=== Your assignment ===
Below are records; from the line containing "Volkswagen T-Roc 1.0" through the very last line, output each line exactly. No pictures.
++++++++++++++++++++
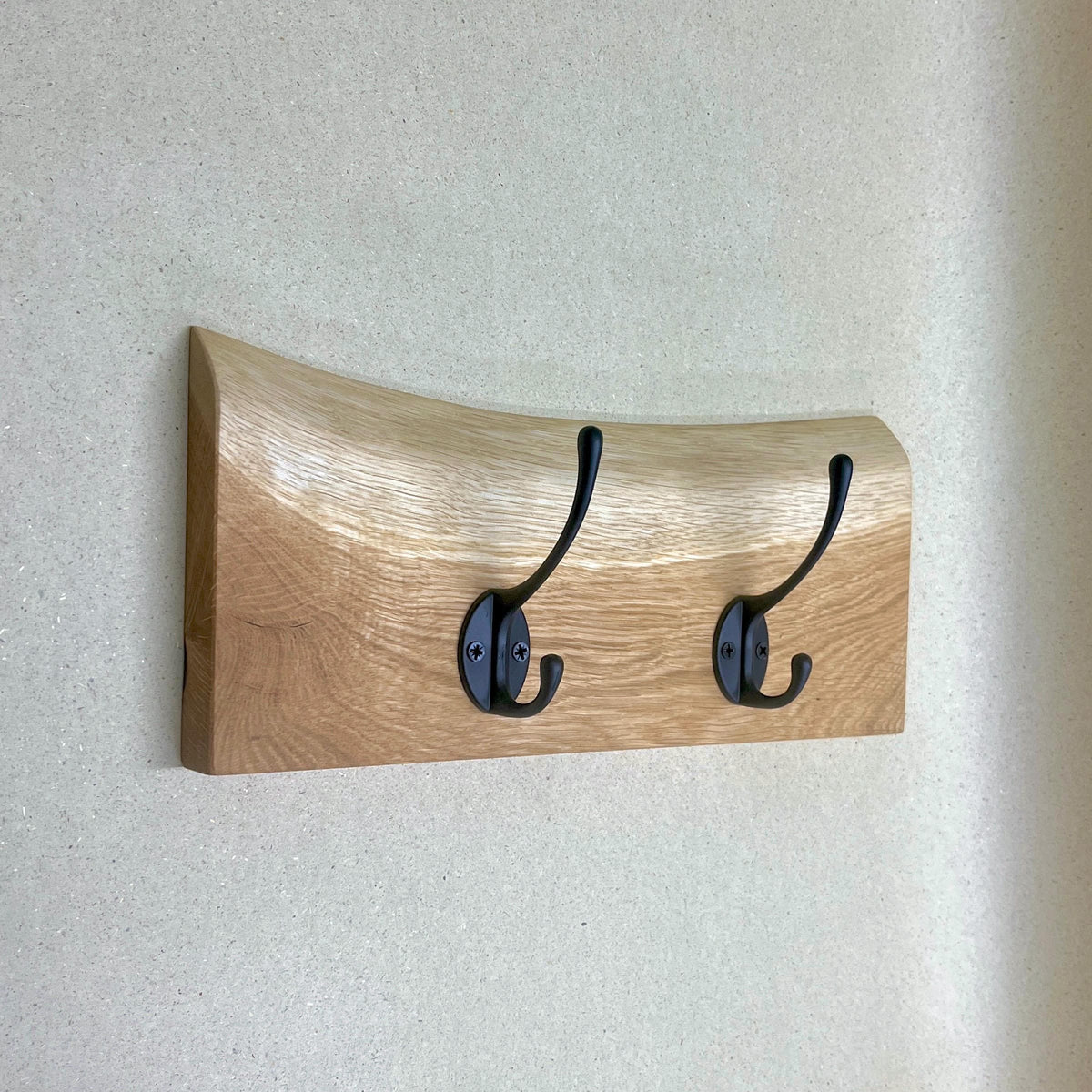 Garderobe mit natürlicher Baumkante | 30 - 120 cm | schwarze Haken | Eiche massiv | Wandgarderobe | Garderobenleiste Holz | Garderobe Eiche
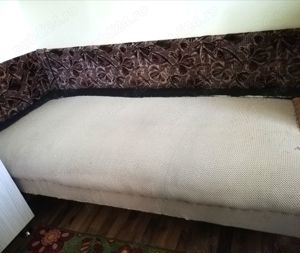 Pat din lemn masiv, cu arcuri 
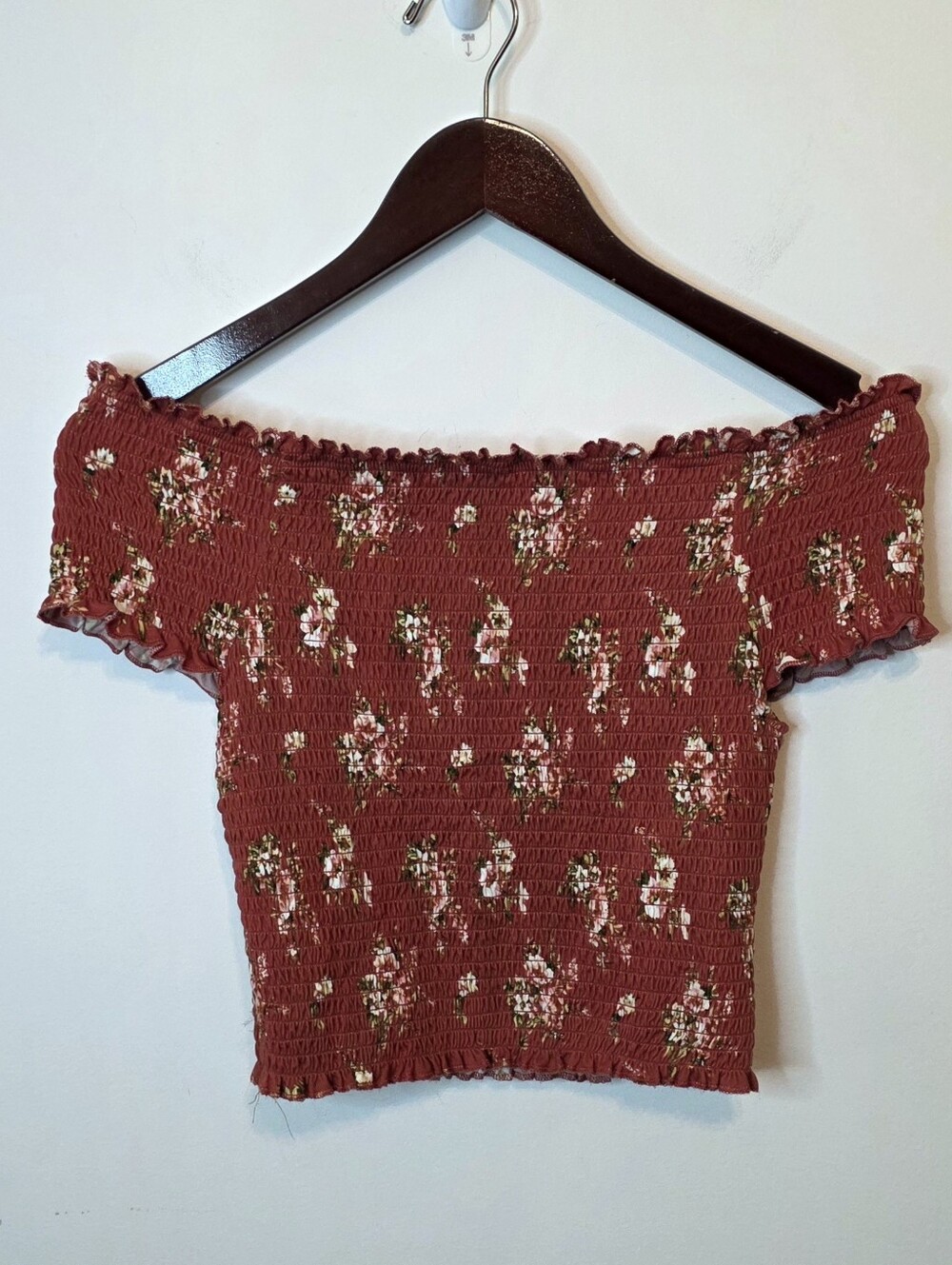 Rue 21 Red Floral Crinkle Smocked Off The Shoulder Crop Top Size Large Boho Y2K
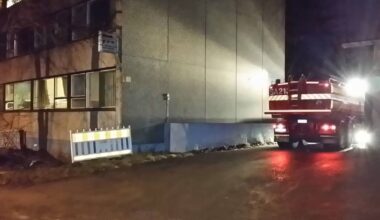 Kymmenen vuoden takainen Rauman vastaanottokeskuksen tuhopoltto on saatu selvitettyä – kolme miestä epäiltyinä | Satakunta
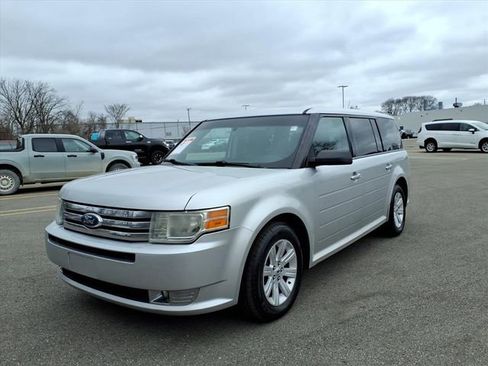 Used 2011 Ford Flex SE w/ Trailer Tow Pkg Class III FWD image 3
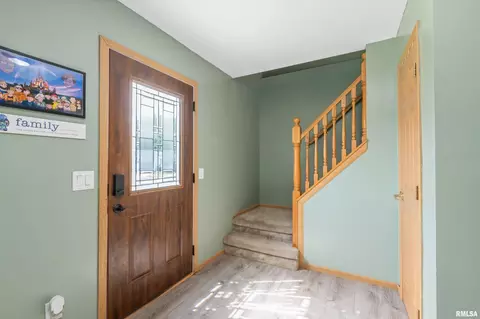 609 18th St, Silvis, IL 61282 photo 3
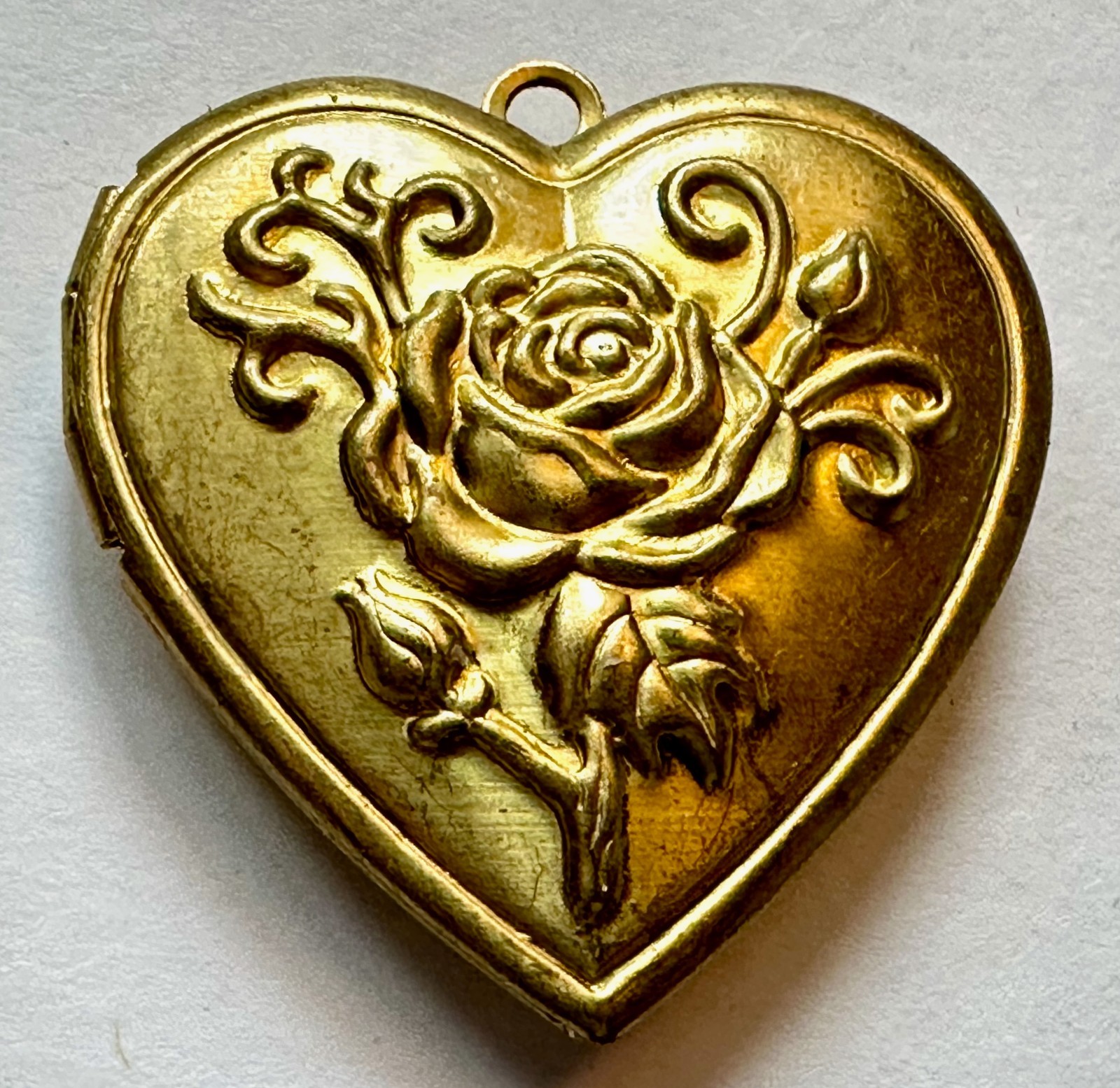 5 VINTAGE LOCKETS BRASS VARIETY HEART OVAL TEARDROP FLORAL DESIGN HEART READ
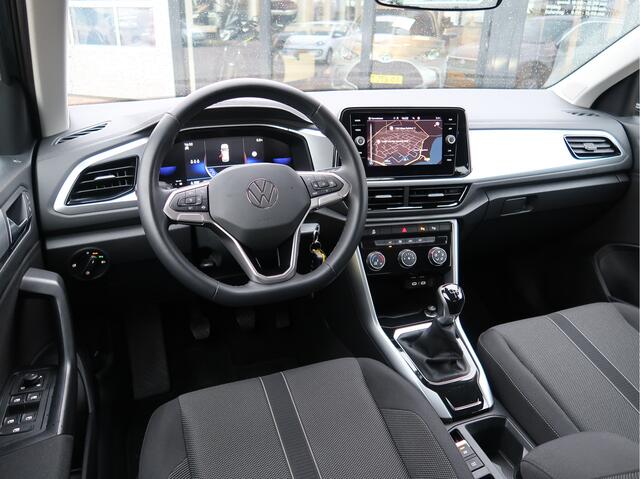 Volkswagen T-Roc 1.0 TSI Life | Navigatie | Parkeersensoren | App Connect |
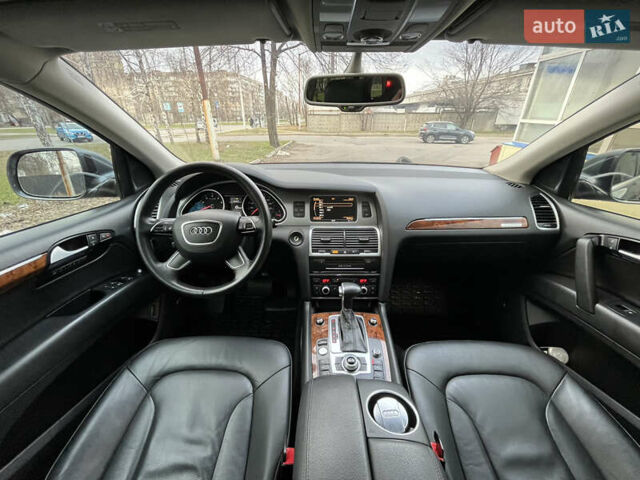 Сірий Ауді Ку 7, об'ємом двигуна 3 л та пробігом 190 тис. км за 17000 $, фото 13 на Automoto.ua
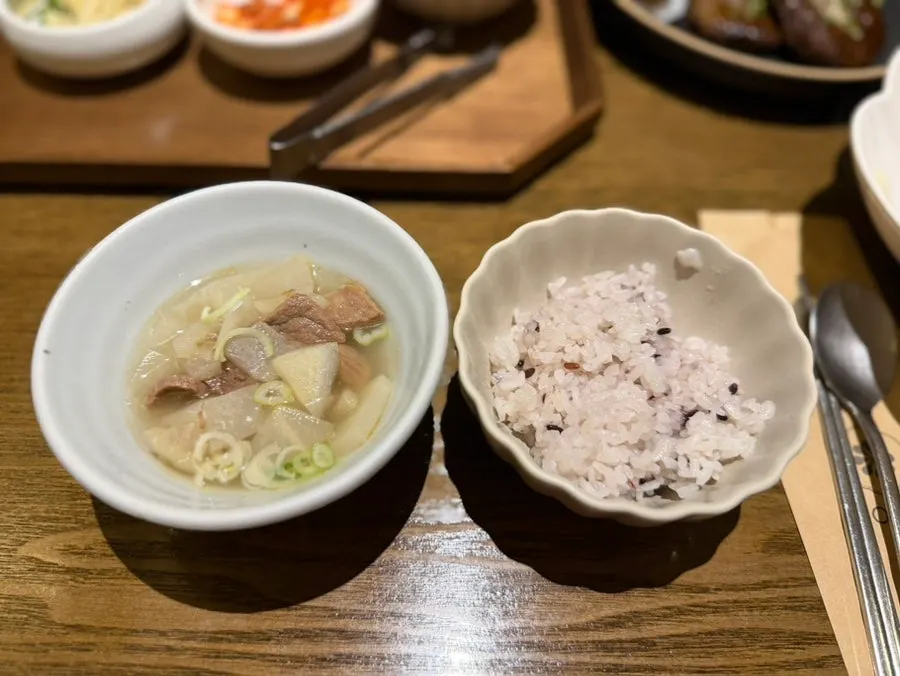 흑미밥과 소고기뭇국 상차림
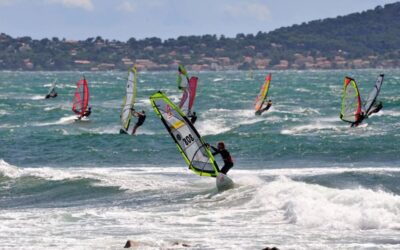 Hyères : Les meilleures conditions de windsurf en Provence-Alpes-Côte d’Azur, France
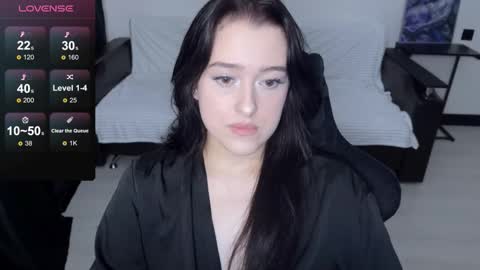 Snapshot of sunshine_j chatting on November 8, 7:23 pm sunshine_j online show from November 8, 7:23 pm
++++++++++++++++++++
=== Answer to the exercise ===
 Volkswagen T-Roc 1.0 TSI Life | Navigatie | Parkeersensoren | App Connect |
 Сірий Ауді Ку 7, об'ємом двигуна 3 л та пробігом 190 тис. км за 17000 $, фото 13 на Automoto.ua
 흑미밥과 소고기뭇국 상차림
 Hyères : Les meilleures conditions de windsurf en Provence-Alpes-Côte d’Azur, France
 Snapshot of sunshine_j chatting on November 8, 7:23 pm sunshine_j online show from November 8, 7:23 pm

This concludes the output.